Cookie Consent by Free Privacy Policy Generator
Studio Legale MP - Verona logo

Cerca nel sito

Inserisci una parola chiave per iniziare la ricerca

Contenuto realizzato con il supporto di strumenti di intelligenza artificiale e revisionato dall'autore.

Come evitare l'esclusione per DGUE e soccorso istruttorio - Studio Legale MP - Verona

Un'impresa partecipa a una gara pubblica, presenta l'offerta nei termini, ma dimentica di allegare il DGUE. Un'altra, priva di una categoria scorporabile a qualificazione obbligatoria, risponde «No» alla domanda sul subappalto nel DGUE, convinta di poter chiarire la situazione in un secondo momento. La prima può essere recuperata. La seconda no. Questa differenza — apparentemente tecnica — ha conseguenze decisive sull'accesso al mercato delle commesse pubbliche e sulla sopravvivenza stessa di molte imprese nelle procedure competitive. La giurisprudenza amministrativa del 2026 lo ha ribadito con una serie di pronunce che meritano di essere lette insieme, come sistema.

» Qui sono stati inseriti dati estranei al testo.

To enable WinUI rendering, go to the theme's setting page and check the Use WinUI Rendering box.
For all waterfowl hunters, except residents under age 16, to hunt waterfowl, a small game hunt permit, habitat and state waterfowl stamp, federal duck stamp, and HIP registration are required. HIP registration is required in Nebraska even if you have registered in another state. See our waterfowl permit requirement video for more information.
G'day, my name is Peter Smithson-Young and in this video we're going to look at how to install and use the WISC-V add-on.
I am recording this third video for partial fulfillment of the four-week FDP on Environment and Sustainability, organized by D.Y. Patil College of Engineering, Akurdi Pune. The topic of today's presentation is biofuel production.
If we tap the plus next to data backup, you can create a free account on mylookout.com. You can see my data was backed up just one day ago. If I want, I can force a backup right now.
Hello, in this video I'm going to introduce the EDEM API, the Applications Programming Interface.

L'art. 101 del Codice dei contratti: quattro tipologie, un solo confine invalicabile

L'art. 101 del D.Lgs. n. 36/2023 individua quattro tipologie di soccorso istruttorio, che la dottrina e la giurisprudenza definiscono rispettivamente: integrativo (comma 1, lett. a), sanante (comma 1, lett. b), soccorso istruttorio in senso stretto (comma 3) e correttivo (comma 4). Il soccorso correttivo consente di sanare errori materiali, purché oggettivamente riconoscibili e correggibili senza alterare il contenuto sostanziale dell'offerta: nel caso concreto, è stata ritenuta legittima la rettifica del costo della manodopera, ricostruibile dai dati già presenti nell'offerta.

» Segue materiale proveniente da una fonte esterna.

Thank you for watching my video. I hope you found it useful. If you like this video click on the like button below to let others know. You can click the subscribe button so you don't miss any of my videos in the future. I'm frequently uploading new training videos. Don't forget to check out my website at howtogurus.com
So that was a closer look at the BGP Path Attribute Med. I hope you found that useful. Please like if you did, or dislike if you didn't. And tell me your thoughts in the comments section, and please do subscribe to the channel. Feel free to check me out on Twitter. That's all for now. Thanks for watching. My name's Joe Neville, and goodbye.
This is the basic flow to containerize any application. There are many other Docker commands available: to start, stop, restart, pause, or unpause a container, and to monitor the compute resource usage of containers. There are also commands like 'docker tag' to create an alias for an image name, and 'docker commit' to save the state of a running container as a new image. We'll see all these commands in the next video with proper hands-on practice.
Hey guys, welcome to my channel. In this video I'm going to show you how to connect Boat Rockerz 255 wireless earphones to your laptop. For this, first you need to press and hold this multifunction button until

La norma segna una discontinuità profonda rispetto al previgente assetto del D.Lgs. n. 50/2016. L'art. 101 del D.Lgs. n. 36/2023 rappresenta uno dei punti di maggiore discontinuità rispetto al previgente assetto: la norma consente alla stazione appaltante di richiedere l'integrazione della documentazione amministrativa trasmessa con la domanda di partecipazione o con il DGUE, fissando un termine perentorio per la regolarizzazione, purché non venga alterato il contenuto dell'offerta tecnica o economica e sia rispettata la par condicio.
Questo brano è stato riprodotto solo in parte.